Rather than cross the bounds of good taste and show what troubles five foolish virgins could really get into, mock thier ample hips, or introduce the Energizer Bunny or AAA roadside assistance, I decided an animal stand in would be a good plan. If it were but two virgins (one wise/one foolish), I could have used cows to created by own rendition of this "pair of bull".

So, that is when I came back to my thinking of what else shows up on these samplers in great numbers.



If my sampler had been wider, I could have done Four and Twenty Blackbirds: Twelve Wise and Twelve Foolish.

This has been the penultimate installment of the Chronicles of the Dutch Beast. Check back for the Final (and Original) Sin.

Sunday, March 2, 2008

How Do You Translate 'QWERTY' to Dutch?

Given enough monkeys typing randomly on American-English typewriters , they would eventually reproduce the complete text of the Dutch Beast blog entries. In other countries, our familiar 26 letter alphabet might not be enough to do the trick. Most modern alphabets owe their root to the written script that originated in the Canaanite region in ~1800 BC. (Yes that is the same Canaan that brought us Joshua and Caleb.) As languages diverged and developed, letters were added and changed. One of the ways sampler historians date and place sampler is to look at the alphabets and take note of what they see... and what they don't see.

In doing the research for the alphabet motifs that I would use on this sampler, I wondered idly about the minimum number of letters ever seen on a sampler. This side track led to my Hawaiian Mandala Sampler, which celebrates those twelve little letters that the Hawaiian Monkeys would have on their keyboards.

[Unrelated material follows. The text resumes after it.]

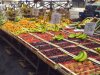 Obststand auf dem Markt Antignano in Neapel (© Redaktion - Portanapoli.com)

Today we get the Beast's Tiny Alphabet that goes along with the Big Honkin' Initials. You probably weren't expecting a J, but you are also being deprived of your Q, V, X, Y, Z (at least initially). Hey, where did that V go?

For those of you that are readers, I must share with you this fun book I've read that called "Ella Minnow Pea: a progressively lipogrammatically epistolary fable." An isolated society worships the gent that penned the phrase about the quick brown fox. As the ceramic tiles bearing the letters in that phrase fall one-by-one, the government officially bans each letter from all usage. It's a nice fable about out-of-control totalitarianistic government and free speech, but also entertaining to decipher as the characters creatively try to communicate using fewer and fewer of our 26 letters.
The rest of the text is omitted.